Washington cherche aussi à approfondir ses liens politico-militaires avec Taïwan, en accélérant les livraisons d’armes en quantité et qualité, ainsi que par l’assistance et la formation militaires. À ce titre, les États-Unis augmentent leurs effectifs de conseillers militaires à Taïwan de 30 à 100, puis à 200. En outre, la Garde nationale du Michigan accueillera prochainement la formation d'un contingent taïwanais.

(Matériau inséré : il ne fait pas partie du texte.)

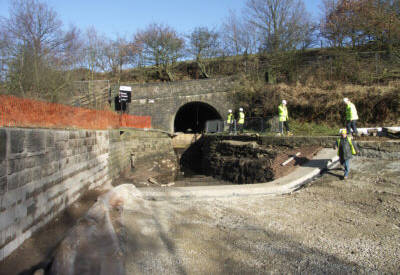 Work at Scout Embankment, Huddersfield Narrow Canal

Les implications pour l’Europe

Une crise dans le détroit de Taïwan aurait de lourdes conséquences pour l’Europe et les équilibres mondiaux, bien au-delà de celles engendrées par la guerre d’Ukraine. Le commerce européen avec l’Asie de l’Est (environ un quart de sa balance) serait très fortement perturbé, qu’il s’agisse des exportations ou des approvisionnements en matières premières (terres rares) et en produits manufacturés (dont les semi-conducteurs), posant a minima de sérieuses questions de sécurité maritime.

Toute action cinétique chinoise sur Taïwan engendrerait de nécessaires réactions européennes, notamment dans les champs diplomatique, économique (sanctions), cybernétique, informationnel (lutte contre la désinformation) et spatial. Individuellement et collectivement, les États européens doivent se préparer à faire face à ce type de scénarios.

La question de l’engagement militaire au sein d’une coalition doit également être posée. Par-delà une action avec des forces aéromaritimes dans la zone du détroit – qui ne pourrait être que limitée au vu des élongations et des rapports de force –, la contribution la plus importante des Européens serait probablement de s’engager dans les régions délaissées par les États-Unis, l’Europe même, et le continuum entre Suez et Malacca.

Pour ne pas en arriver là, il est nécessaire, dès maintenant, de renforcer – et d’harmoniser – un discours dissuasif à l’égard de Pékin, rappelant notamment qu’un changement unilatéral du statu quo serait inacceptable. Il appartient aussi à l’Europe d’appeler à la modération du débat intérieur américain sur la Chine, qui pourrait lui-même être porteur d’excès.

À retenir

Les lacunes capacitaires indispensables au lancement d’une invasion de la Chine sur Taiwan seront comblées d’ici à 2027.

Recommandations politico-stratégiques pour l'Union europénne

  1. Renforcer – et harmoniser – un discours dissuasif à l’égard de Pékin, rappelant notamment qu’un changement unilatéral du statu quo serait inacceptable.

  2. Appeler à la modération du débat intérieur américain sur la Chine, qui pourrait lui-même être porteur d’excès.

  3. La question de l’engagement militaire au sein d’une coalition doit également se poser, notamment dans les régions délaissées par les Etats-Unis, en océan Indien notamment.